Today in History:

895 Series I Volume II- Serial 2 - First Manassas

Page 895 Chapter IX. CORRESPONDENCE, ETC. - CONFEDERATE.


HEADQUARTERS VIRGINIA FORCES,
Richmond, Va., May 30, 1861.

Colonel F. H. SMITH,

Richmond, Va.:

COLONEL: I submit below the information you ask for the council. It is, of course, not strictly correct, though I think it is not far out of the way. It is impossible to get returns from these volunteers:

Norfolk, no returns, 7,000 conjectured; Jamestown Island, no returns, fifteen companies, 1,050; Williamsburg and Yorktown, no returns, 3,500; Gloucester Point, no returns, 600; West Point, 250; Richmond, including Ashland and the Confederate States troops, 5,500; Fredericksburg, including counties on the lower Rappahannock and Potomac Rivers, number not known, 2,700; Manassas Gap, no returns, 6,000; Leesburg, no returns, 500; Harper's Ferry, excluding Maryland troops, not known, and excluding Point of Rocks, 5,500; Grafton, no returns, 1,000 conjectured; Kanawha Valley, no returns, 1,100; Abingdon, no returns, 500 conjectured; Lynchburg, no returns, 1,000 conjectured; besides a few companies supposed to be at Staunton, Charlottesville, &c. Total, 36,200.

I am, sir, very respectfully, &c.,

R. S. GARNETT,

Adjutant-General.


HEADQUARTERS VIRGINIA FORCES,
Richmond, Va., May 31, 1861.

Colonel W. B. BLAIR:

SIR: The troops in the Kanawha Valley are under the command of Colonel C. Q. Tompkins, whose headquarters are at or near Charleston. There are at present only five hundred men in service. It is designed to have about sixteen hundred, if they can be raised.

I am, sir, very respectfully, &c.,

R. S. GARNETT,

Adjutant-General.

Memorandum for General Lee.


HEADQUARTERS,
Harper's Ferry, Va., May 31, 1861.

Intelligence was brought me this morning, from a gentleman residing near Hagerstown, that 1,600 troops arrived in Chambersburg on Tuesday and 5,000 yesterday, making, with the 3,500 there before, 10,100, with plenty of artillery (quantity unknown), many wagons and horses. A note was shown me yesterday, written in Hagerstown on Wednesday afternoon, by a woman, in which it is said that such a force is to move to the Potomac (with baggage wagons) from Chambersburg through either Hagerstown or Greencastle.

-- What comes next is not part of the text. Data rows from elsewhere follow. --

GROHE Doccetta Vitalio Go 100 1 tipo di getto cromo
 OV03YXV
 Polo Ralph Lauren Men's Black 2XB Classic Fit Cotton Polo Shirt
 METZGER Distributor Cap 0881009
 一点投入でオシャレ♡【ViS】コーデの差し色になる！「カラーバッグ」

In another note (from an officer of the Baltimore and Ohio Railroad), it is said that large forces are to enter Virginia somewhere between Cumberland and Hagerstown to meet Ohio troops. The Northern papers confirm this.

An officer of the railroad told me here that news of the occupation of Grafton by U. S. troops is brought by telegraph. We can learn nothing from the west, nor beyond the range of persons specially employed. Should the enemy cross the river above, we cannot learn when the Ohio troops join them, nor in what numbers.


Page 895 Chapter IX. CORRESPONDENCE, ETC. - CONFEDERATE.